QOS Limits
Back to Account and QOS limits under SLURM
QOS Resource Limits
CPU cores, Memory (RAM), GPU accelerators, software licenses, etc. are referred to as Trackable Resources (TRES) by the scheduler. The TRES available in a given QOS are determined by the group's investments and the QOS configuration.

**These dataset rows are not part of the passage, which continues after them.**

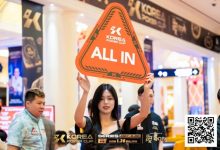 【EV扑克】KPC济州|神秘赏金开幕赛475人次参赛迎来开门红!61人晋级Day2继续拼杀!主赛事今日开启!-捕鱼中文站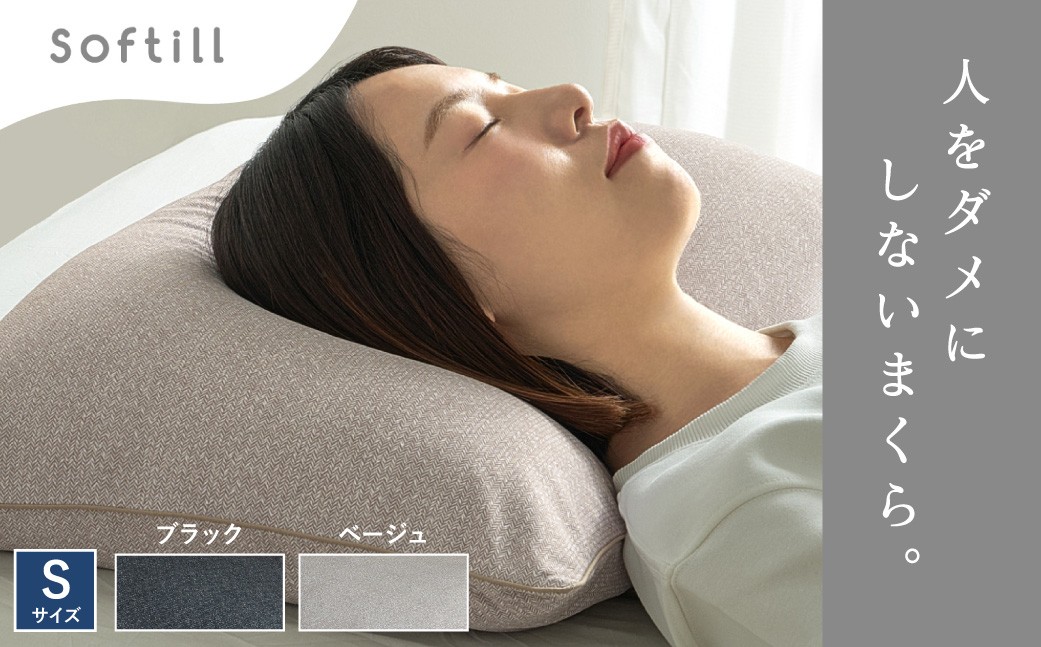 
                  【 選べるカラー 】 人をダメにしないまくら Sサイズ （ ブラック ・ ベージュ ） 枕 まくら 寝具 快眠 安眠 リラックス ピロー 寝心地
                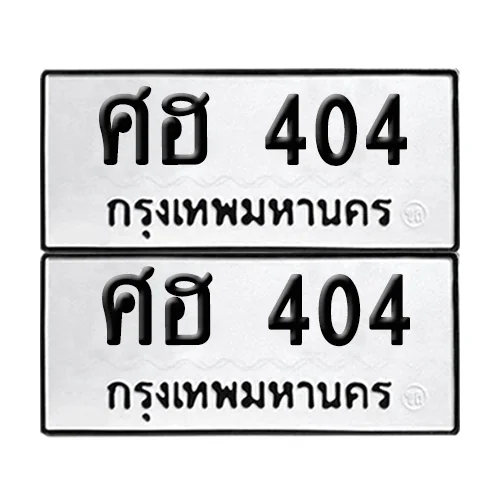 เลขทะเบียน 404 ทะเบียนรถ ศฮ 404 (12) เลขทะเบียน 404 ทะเบียนรถ ศฮ 404 (12)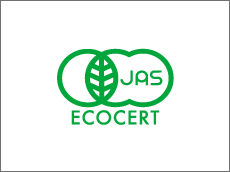 JAS有機認定（登録認定機関ECOCERT）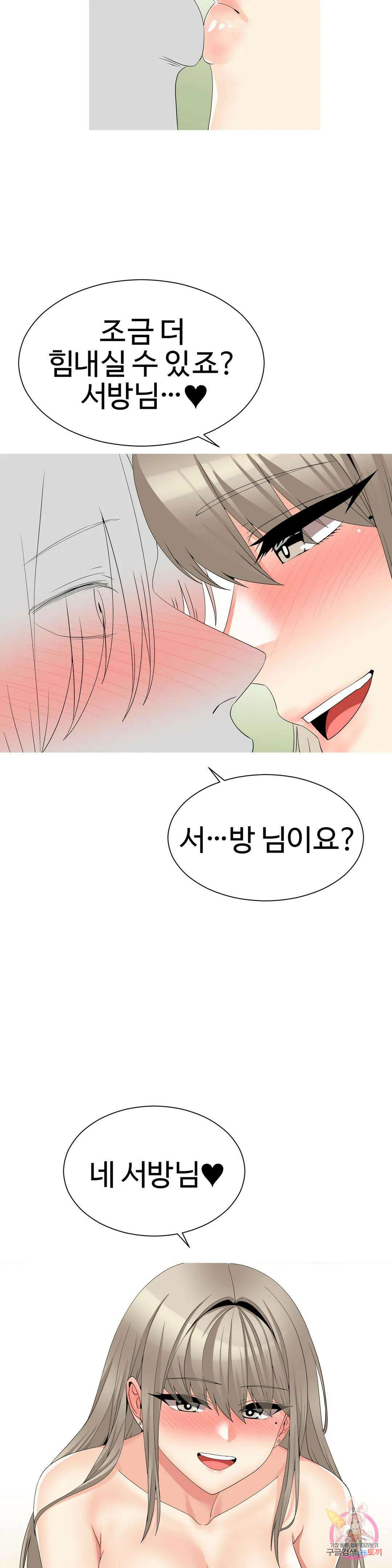 도시여우 25화 12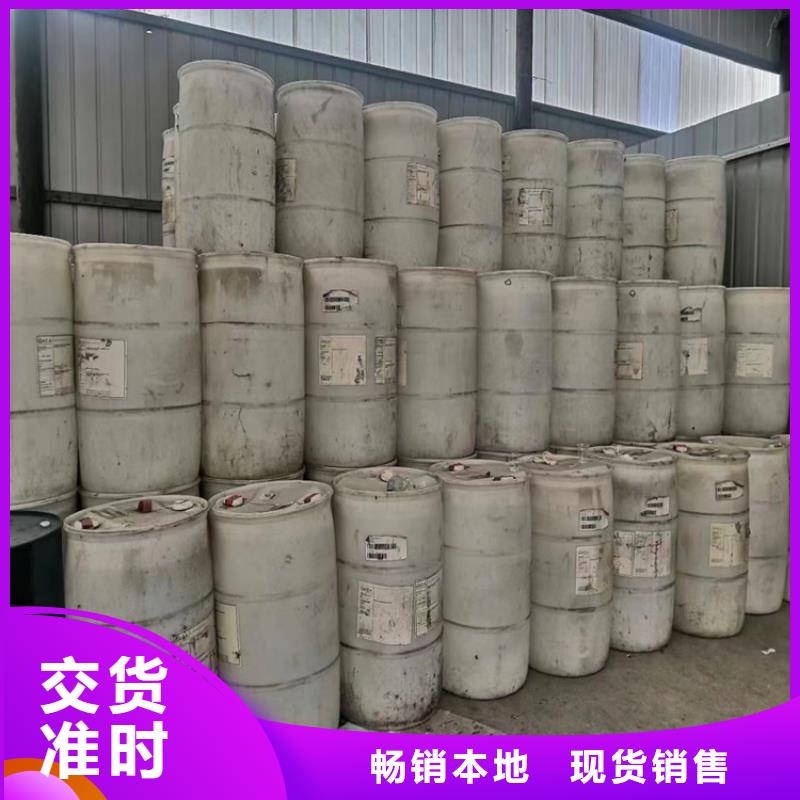 回收固化剂油漆回收量大更优惠精选优质材料
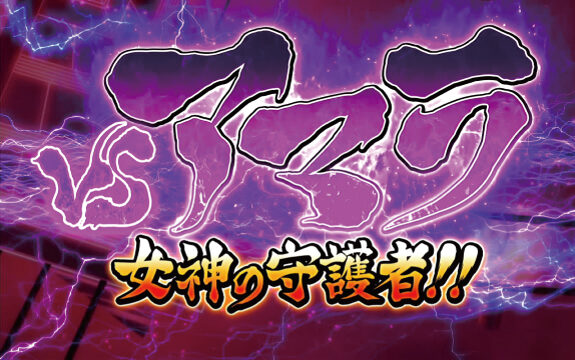 3&times;3EYES 聖魔覚醒 VS演出について
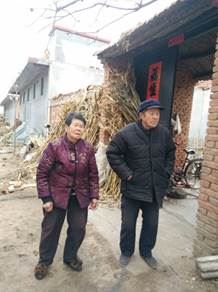 Roditelji gospodina Gaoa 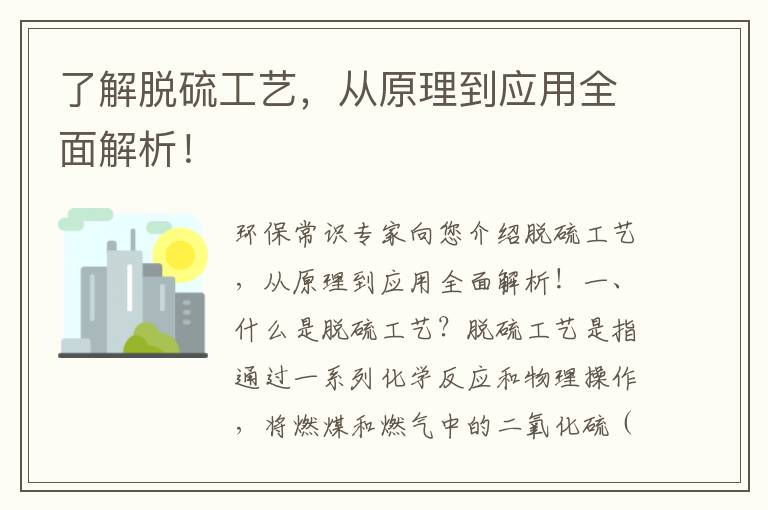 了解脫硫工藝，從原理到應用全面解析！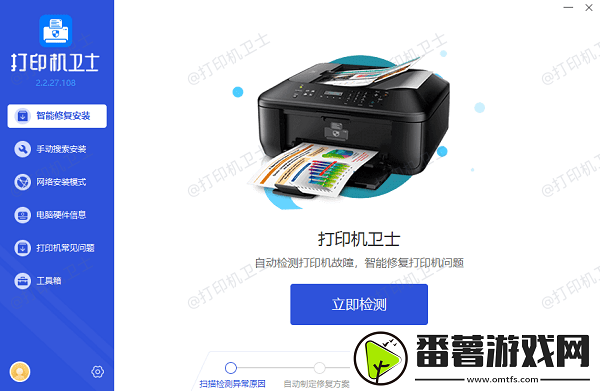 打印机怎么添加设备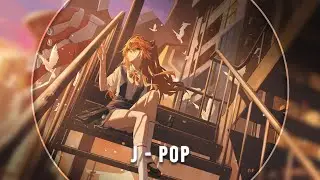 ❀「Nightcore」~ Serendipity「ZAQ」~ ❀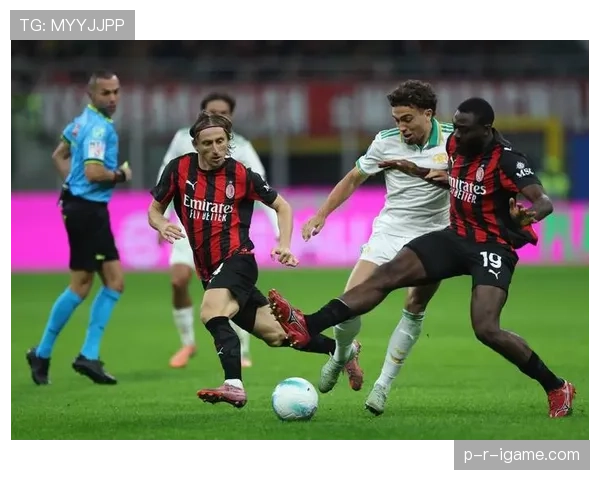 米兰关键比赛表现不佳，争冠形势面临考验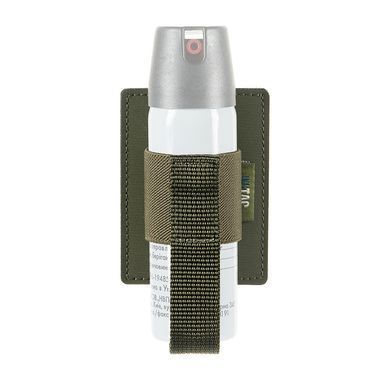 M-Tac вставка модульна для газового балончика Ranger Green
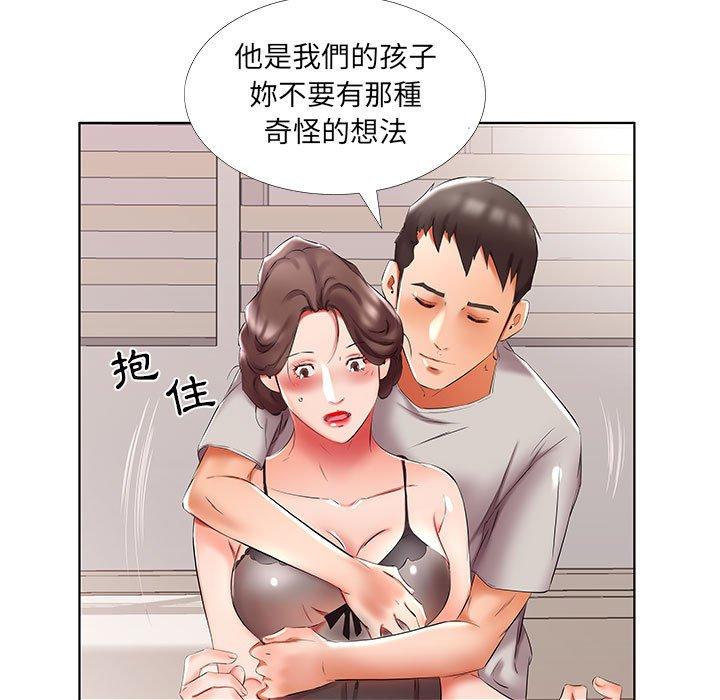 躲债夫妻档 第45页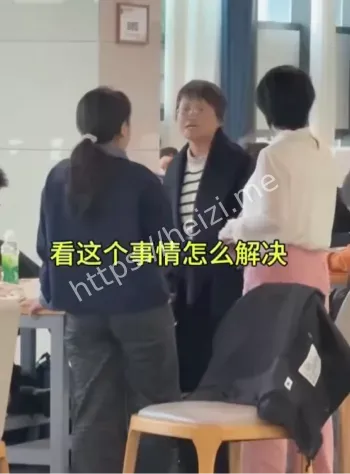 大妈不经允许放书包闹剧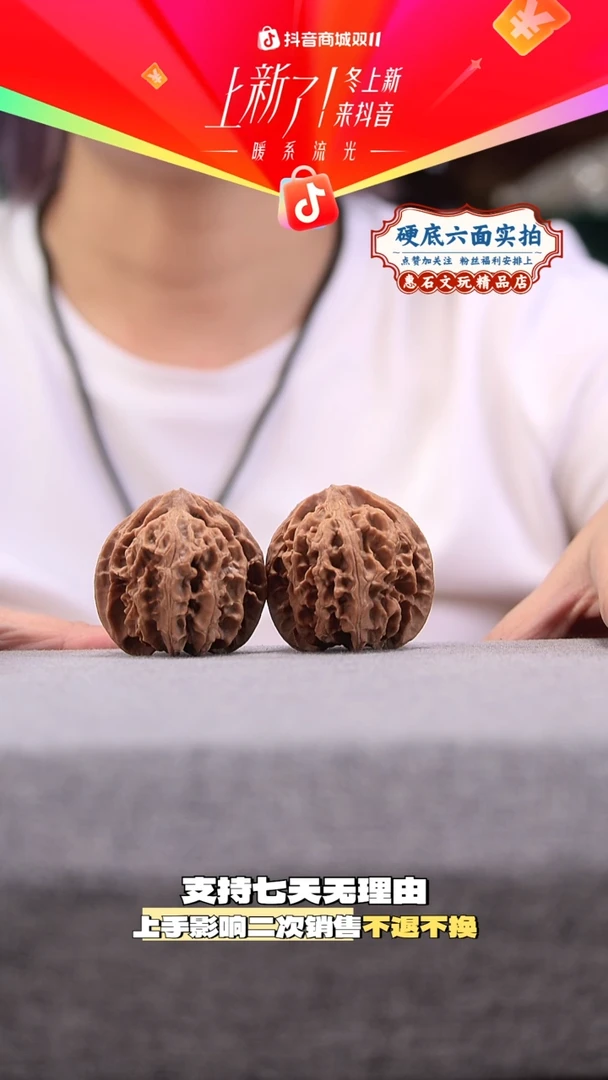 把件桃核苹果园  全品无修  尺寸41 编码1137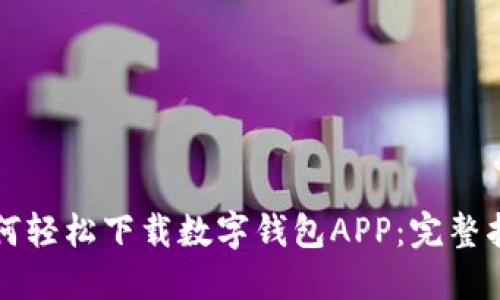 如何轻松下载数字钱包APP：完整指南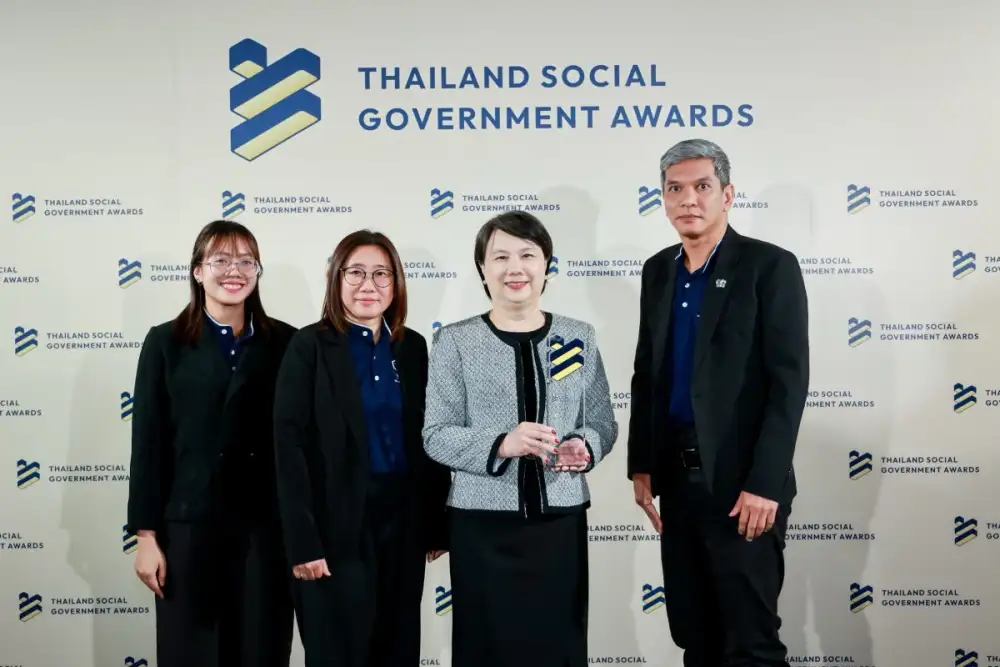 NSM คว้ารางวัล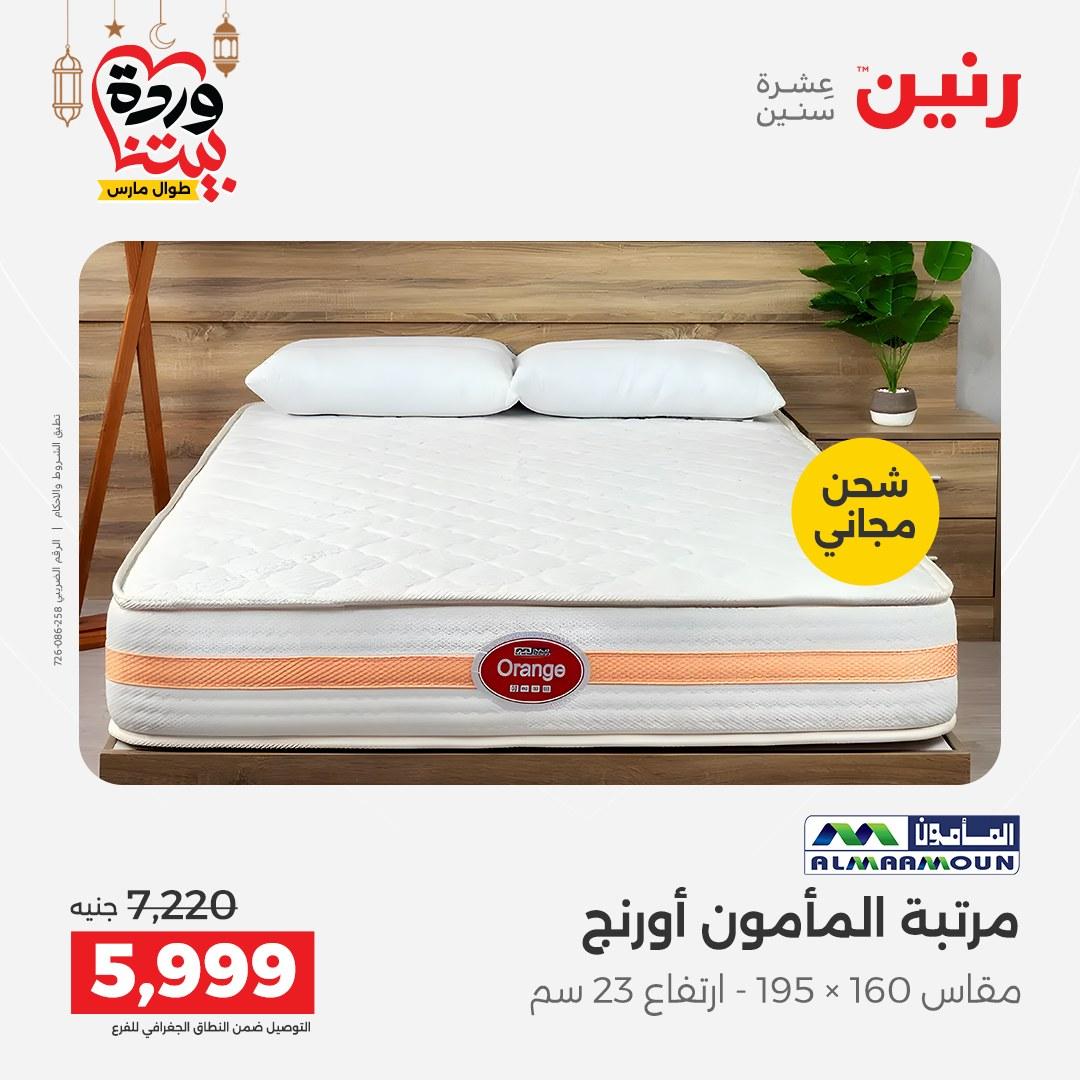 عروض رنين على المنسوجات  3-4 مارس 2026 صفحة 45 - raneen offers 3-4 March 2026 page 45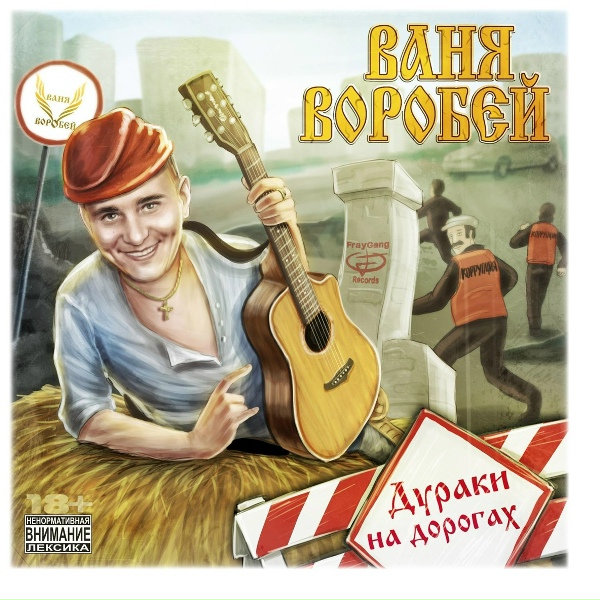 Ваня Воробей - Вас наеб@ли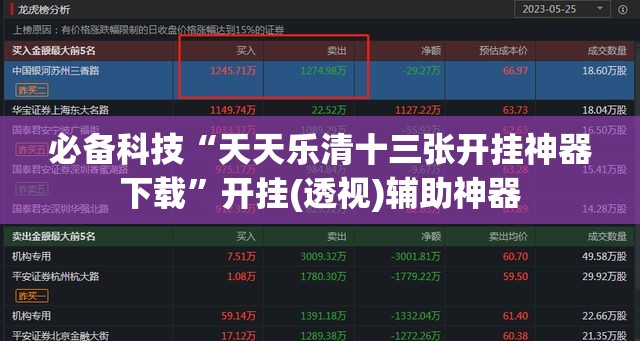 必备科技“天天乐清十三张开挂神器下载	”开挂(透视)辅助神器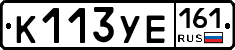 К113УЕ161 - 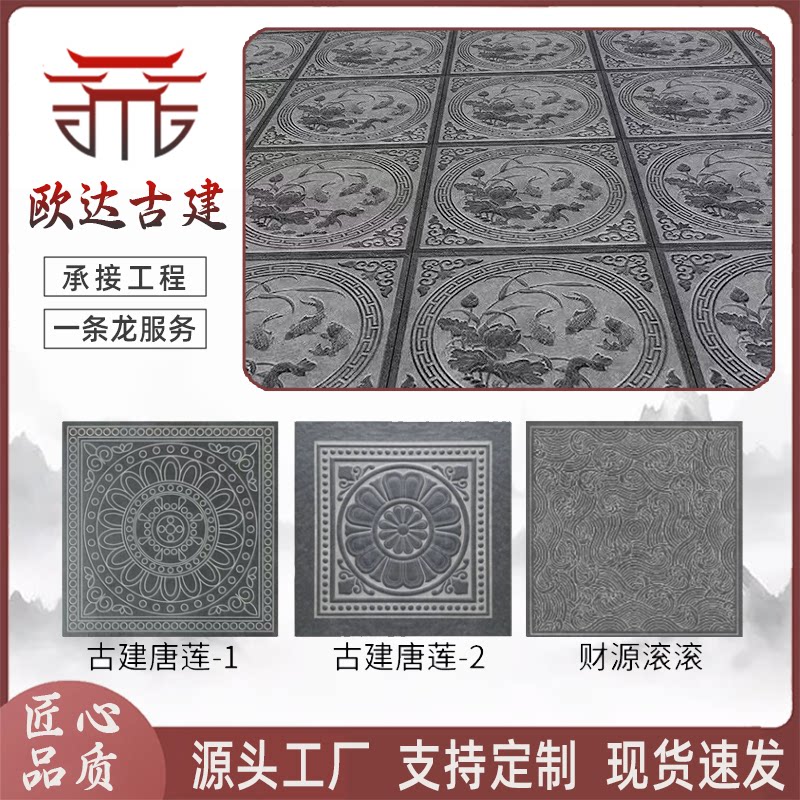 新中式仿古全瓷烧制地砖庭院防滑耐磨装饰生态地铺砖石拼花石英砖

View a trackable resource limits for a QOS:
$ showQos <specified_qos>
Example: $ showQos borum
output:
Name Descr GrpTRES GrpCPUs -------------------- ------------------------------ --------------------------------------------- -------- borum borum qos cpu=9,gres/gpu=0,mem=32400M 9
We can see that the borum
investment QOS has a pool of 9 CPU cores, 32GB of RAM, and no GPUs. This pool of resources is shared among all members of the borum
group.
Similarly, the borum-b>
burst QOS resource limits shown by $ showQos borum-b
are:
Name Descr GrpTRES GrpCPUs -------------------- ------------------------------ --------------------------------------------- -------- borum-b borum burst qos cpu=81,gres/gpu=0,mem=291600M 81
There are additional base priority and run time limits associated with QOSes. To display them run
$ sacctmgr show qos format="name%-20,Description%-30,priority,maxwall" <specified_qos>
Example: $ sacctmgr show qos format="name%-20,Description%-30,priority,maxwall" borum borum-b
output:
Name Descr Priority MaxWall -------------------- ------------------------------ ---------- ----------- borum borum qos 36000 31-00:00:00 borum-b borum burst qos 900 4-00:00:00
The investment and burst QOS jobs are limited to 31 and 4 day run times, respectively. Additionally, the base priority of a burst QOS job is 1/40th that of an investment QOS job. It is important to remember that the base priority is only one component of the jobs overall priority and that the priority will change over time as the job waits in the queue.
The burst QOS cpu and memory limits are nine times (9x) those of the investment QOS up to a certain limit and are intended to allow groups to take advantage of unused resources short periods of time by borrowing resources from other groups.
QOS Time Limits
- Jobs with longer time limits are more difficult to schedule.
- Long time limits make system maintenance harder. We have to perform maintenance on the systems (OS updates, security patches, etc.). If the allowable time limits were longer, it could make important maintenance tasks virtually impossible. Of particular importance is the ability to install security updates on the systems quickly and efficiently. If we cannot install them because user jobs are running for months at a time, we have to choose to either kill the user jobs or risk security issues on the system, which could affect all users.
- The longer a job runs, the more likely it is to end prematurely due to random hardware failure.
Thus, if the application allows saving and resuming the analysis it is recommended that instead of running jobs for extremely long times, you utilize checkpointing of your jobs so that you can restart them and run shorter jobs instead.
The 31 day investment QOS time limit on HiPerGator is generous compared to other major institutions. Here are examples we were able to find.
Institution | Maximum Runtime |
---|---|
New York University | 4 days |
University of Southern California | 2 weeks for 1 node, otherwise 1 day |
PennState | 2 weeks for up to 32 cores (contributors), 4 days for up to 256 cores otherwise |
UMBC | 5 days |
TACC: Lonestar | 1 day |
Princeton: Della | 6 days |
University of Maryland | 14 days |
GPU Resource Limits
As per the Scheduler/Job Policy, there is no burst QOS for GPU jobs.